Considering File Formats for ChineseDict
Recently I’ve been hacking on ChineseDict, a fast web frontend to look up Chinese words. I started the project originally to fulfill a specific use case: when practicing chatting with friends or watching a video, I need search results in milliseconds, not seconds.
The website uses the CC-EDICT dictionary to power the results. I now want to expand each term with examples and extra data in a way that’s easy to store on disk and update via git commit.

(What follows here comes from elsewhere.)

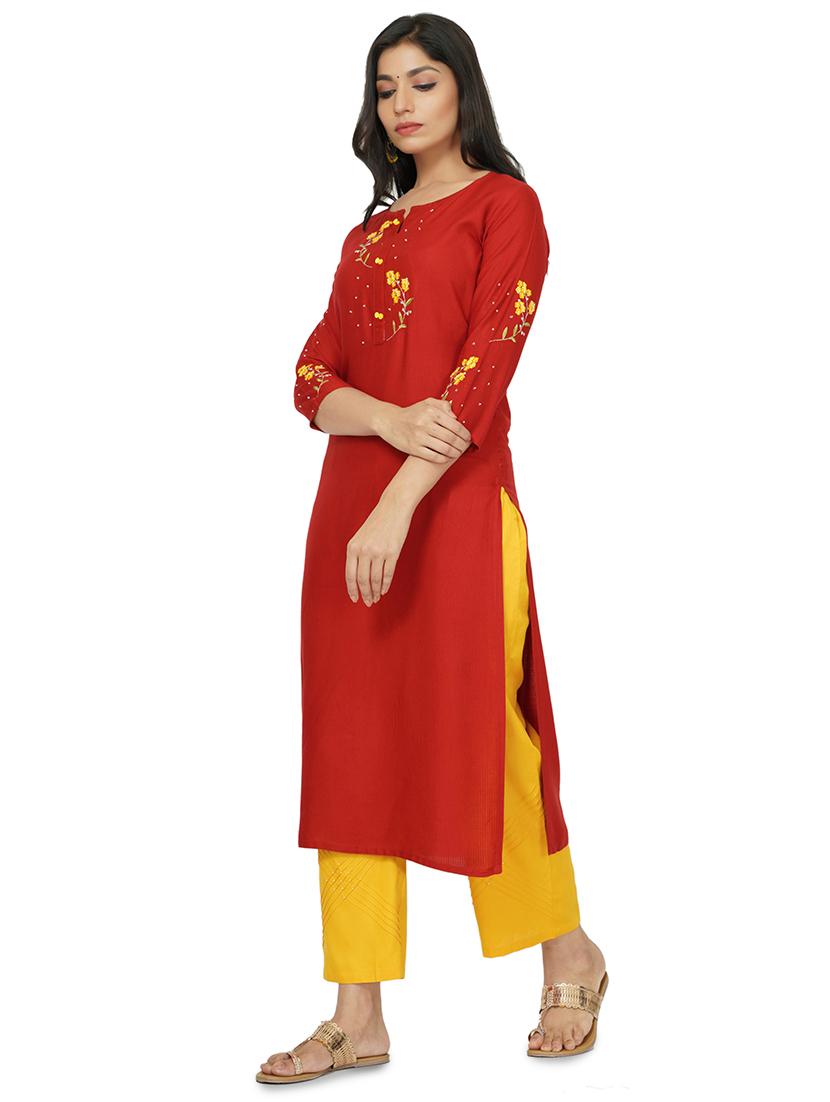 maroon rayon straight kurta - 17466941 - Standard Image - 1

In total for each entry I want to store:
- Traditional and simplified characters
- Pinyin reading
- Relative word frequency
- HSK level
- Definitions, including:
- Parts of speech
- Meanings
- Example sentences with translations
Here are the options I considered:
YAML
I initially considered YAML since it’s extremely easy to read. However, there are well-known downsides of using YAML: the syntax is not always obvious, it lacks schema, and has some sharp edge cases.
traditional: 飯
simplified: 饭
percentile: 0.99
hsk: 1
definitions:
- meaning: food, meal
part_of_speech: noun
examples:
- example: 煮飯吧
translation: Let's cook
- example: 吃饭了
translation: Time to eat!
- meaning: cooked rice
part_of_speech: noun
examples:
- example: 两碗饭
translation: Two bowls of rice
Creating this example, it’s clear that as I add layers of nesting (the
examples
are a list inside a dict inside a list inside a dict), it adds more
mental overhead to make sure everything is okay. It’s still quite readable,
the indentation just gets a little precarious the further down you go.
TOML
I have enjoyed the times I’ve used TOML (like for this site), and it seems like a pretty sane configuration language.
traditional = "飯"
simplified = "饭"
percentile = 0.99
hsk = 1
[[definitions]]
meaning = "food, meal"
part_of_speech = "noun"
[[definitions.examples]]
example = "煮飯吧"
translation = "Let's cook"
[[definitions.examples]]
example = "吃饭了"
translation = "Time to eat!"
[[definitions]]
meaning = "cooked rice"
part_of_speech = "noun"
[[definitions.examples]]
example = "两碗饭"
translation = "Two bowls of rice"
For this use case, I really like that the list items are clearly separated in their own sections, however the extra syntax (double quotes, double brackets), does make it a little more effort to edit. Additionally it still runs into the indentation / formatting complexity that YAML exhibits with nested lists of dicts..
TextProto
Protobufs bring something to the table the above two options do not: schema. It would be nice to be able to enforce that every file adheres to a predefined proto, although effectively this is about the same as getting a runtime error when the server starts up for malformed YAML/TOML in the cases above. The benefit appears when working cross-language, for example if I decide to load these objects in JavaScript in the browser.
The definition:
message Entry {
optional string traditional = 1;
optional string simplified = 2;
optional float32 percentile = 3;
optional int32 hsk = 4;
repeated Definition definitions = 5;
}
message Definition {
optional string meaning = 1;
optional string part_of_speech = 2;
repeated Example examples = 3;
}
message Example {
optional string example = 1;
optional string translation = 2;
}
The file:
entry {
traditional: "飯"
simplified: "饭"
percentile: 0.99
hsk = 1
definition {
meaning = "cooked rice"
part_of_speech = "noun"
example {
example = "煮飯吧"
translation = "Let's cook"
}
example {
example = "吃饭了"
translation = "Time to eat!"
}
}
definition {
meaning = "food, meal"
part_of_speech = "noun"
example {
example = "两碗饭"
translation = "Two bowls of rice"
}
}
}
Alternatives not considered
JSON: too cumbersome for humans to write, and doesn’t produce nice diffs.
Conclusion
Overall this exercise gave me a better idea for the format I want to choose for serializing thousands of dictionary entries. My #1 priority is ease of use for updates, and in that respect YAML is the winner.